# get me into smartypants theory



## bikegeek666 (Aug 6, 2012)

so i have a bunch of smartypants friends who are into talking about foucault, deleuze, etc, using more complex philosophical terms and ideas...i'm not too stupid to play along, but i don't have a foundation for this sort of discussion. i tend to express myself in far more down-to-earth, blue collar, not-pretentious-ivory-tower-bullshit ways. however, gaining some new perspectives sounds good, and not being left out/told "no, you don't get it" when i try to join in when these people get together and have their fucking philosophy bullshit sessions would be rad too. any reading suggestions to build a foundation so i can have some sort of understanding of all this fucking high-falutin' theory?


----------



## Kim Chee (Aug 6, 2012)

Find a nice tree a long way away from your friends and others.

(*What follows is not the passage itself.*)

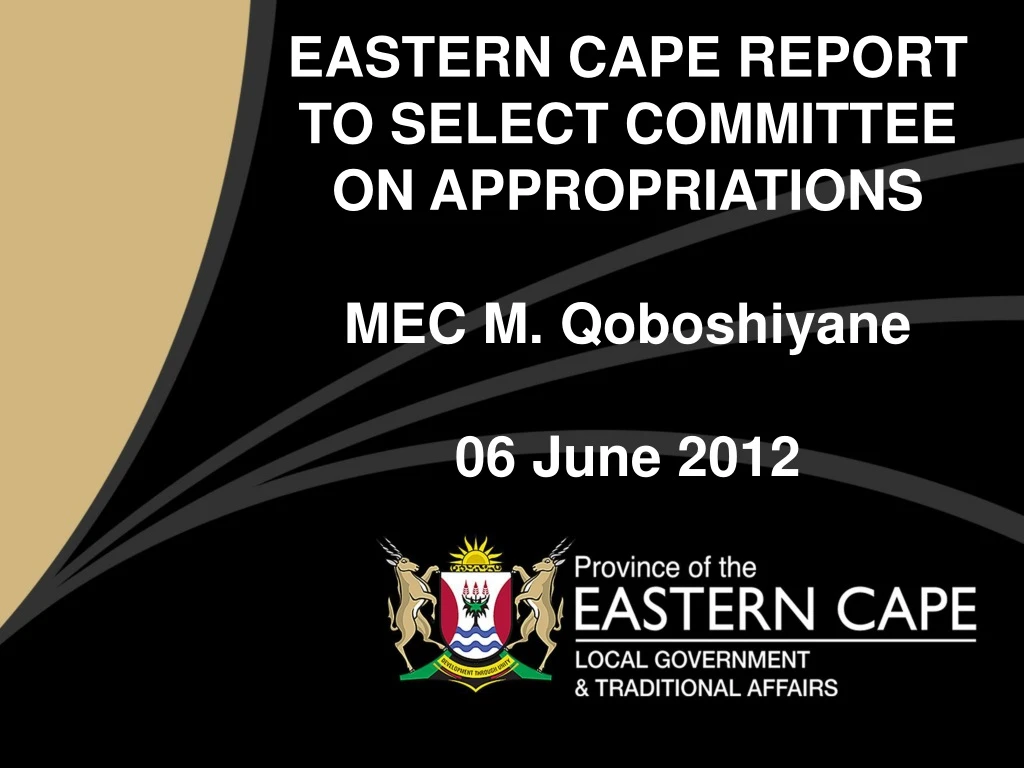 eastern cape report to select committee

Spend as much time as you can in solitude pondering why the world is how it is and why people are the way they are. You may not gain understanding of those "great" words your friends are using, but there is still much to gain without feeling left out or inadequate. I'm not sure if there is anything "new" in philosophy. New labels and variations of old philosophies, absolutely. Any new and original work in this area? Not too sure, however there must be somebody out there who differs in opinion. 

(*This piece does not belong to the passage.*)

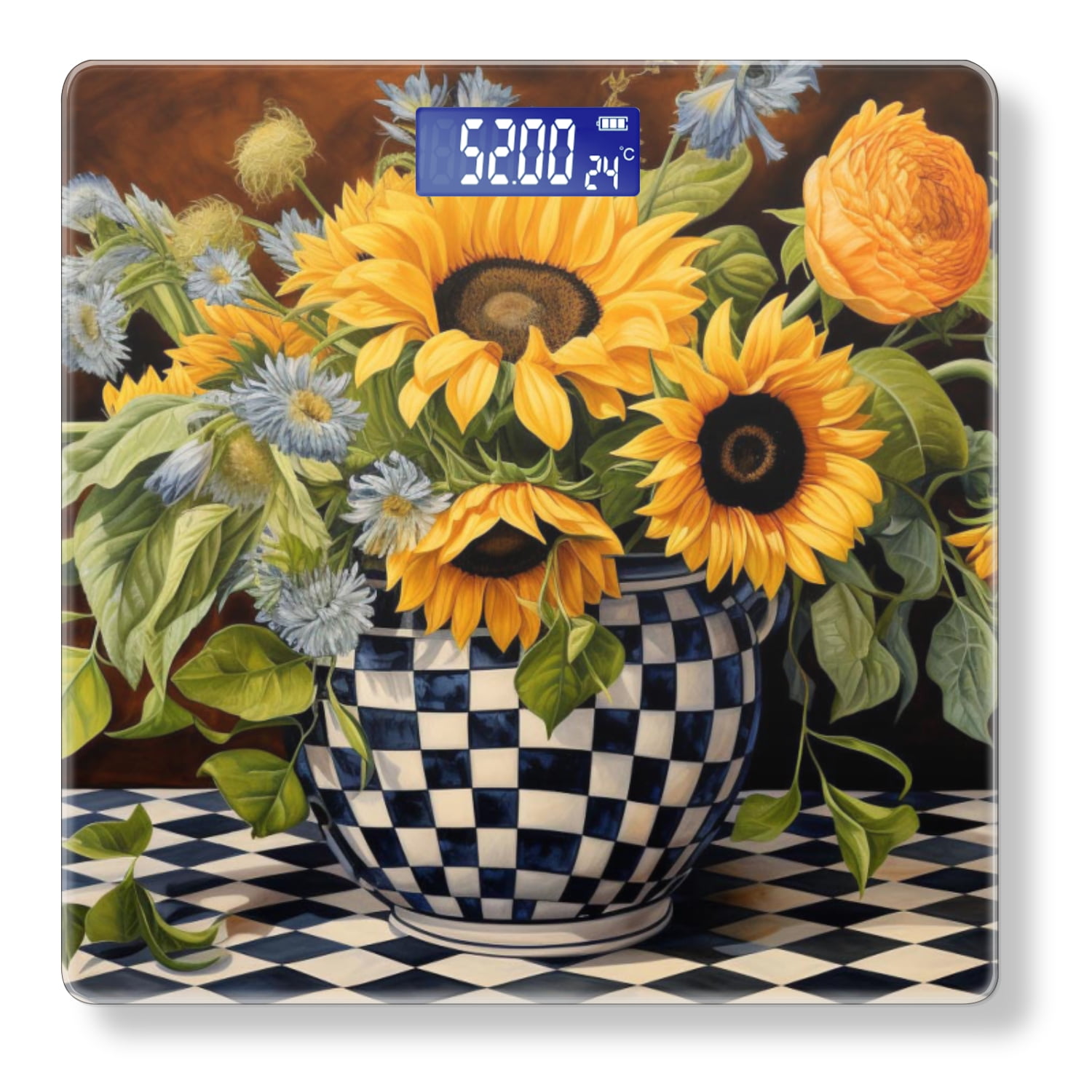 Bathroom Scale, Highly Accurate Digital Body Scale,Precisely Measures Weight up to 400 lbs-Sunflowers And Blue Wildflowers In Vase On Table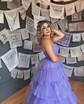 Ball Gown/Princess Straight Tulle Floor-length Prom Dresses With Tiered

Sounds like your friends may be a little "cliquish". While it may not gain points with your friends, you can humor yourself while you go about pointing out their personal shortcomings: http://en.wikipedia.org/wiki/Personality_disorders
Sounds like they are the ones who have missed building the foundation and instead want you to feel as if it is you who have shortcomings.


----------



## japanarchist (Aug 6, 2012)

Check out some introductory texts on the subjects that interest you, intro to philosophy, intro to marx/engels, etc. Then you can move on to the more kitschy postmodernist philosophers, then you can indulge in pretension with your chums.


----------



## Noble Savage (Aug 6, 2012)

Here is a good documentary on how psychology has been used to manipulate the masses.


----------



## scatwomb (Aug 6, 2012)

I would start with some podcasts. 

This is a really good start: http://www.partiallyexaminedlife.com/

But, what Michael said is important. Self-reflection is often more important, practical and "real" than what Derrida or Bourdieu have to say.


----------



## ped (Aug 6, 2012)

Pick up a copy of Anti-oedipus: Schizophrenia and Capitalism.

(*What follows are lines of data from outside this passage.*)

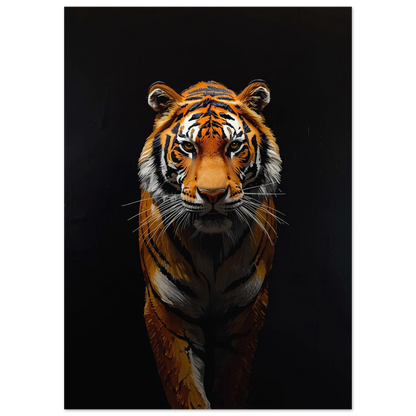 Närbild på tigeransikte med kraftfull blick och taktila oljefärgsdetaljer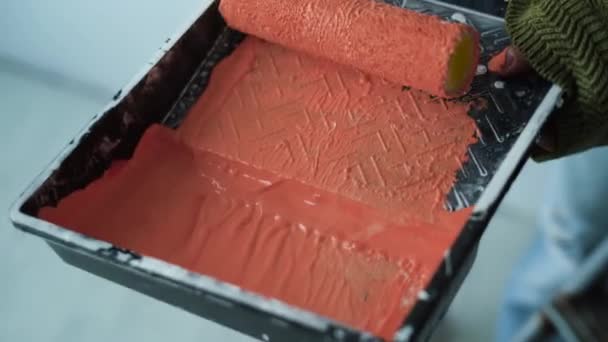 Gros plan d'un rouleau de peinture propre trempé dans de la peinture orange. Concept de rénovation résidentielle — Video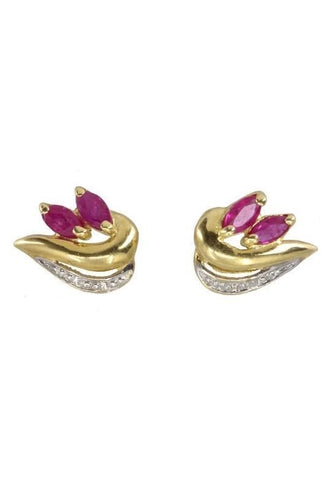 Boucles d'oreilles BOUCLES D'OREILLES MODERNE RUBIS 58 Facettes 038861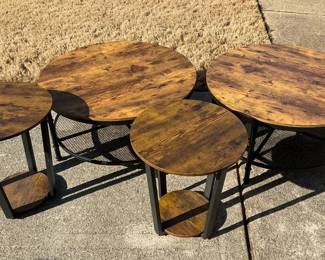 Set Of 4 RusticStyle Occasional Tables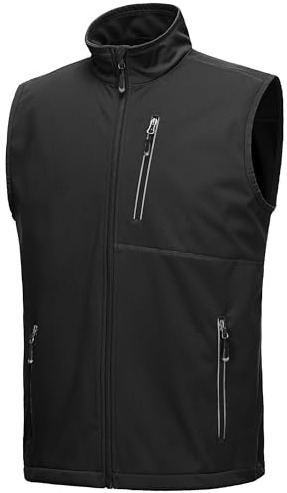 33,000ft Men's Lightweight Softshell Gilet, Windproof Waterproof Outerwear Vest Gilets Sleeveless Jacket for Cycling Running Hiking Golf Travel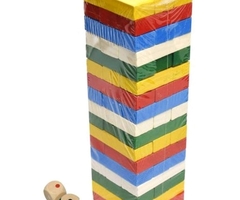 Coloured Wooden Jenga Blocks Game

It's a bit of a tough read no matter who you are but it actually is interesting. You will need a functional understanding of Marx and Freud at least though. That doc posted earlier is a nice start.

It's no different that reading quantum mechanics or whatever. You shouldn't be shocked when you read it and have to stop and scratch your head often. It takes alot of effort and practice.


----------



## bikegeek666 (Aug 10, 2012)

totallly. i just kind of figure i should either build a foundation or be prepared to read slowly and stop often to consult other books and reference materials.


----------



## bikegeek666 (Aug 10, 2012)

scatwomb said:


> I would start with some podcasts.
> 
> This is a really good start: http://www.partiallyexaminedlife.com/
> 
> But, what Michael said is important. Self-reflection is often more important, practical and "real" than what Derrida or Bourdieu have to say.


yeah, i just want to be able to join in. and i don't think my friends are trying to set it up like they're smart and i'm not, they just talk about it cuz they're into it, then i feel bad. the problem is with me, in part because i am a smart dude, i just feel like i've left one part uncultivated. anyhow, thanks for the podcast link, i like podcasts! i like hearing people talk about interesting things...


----------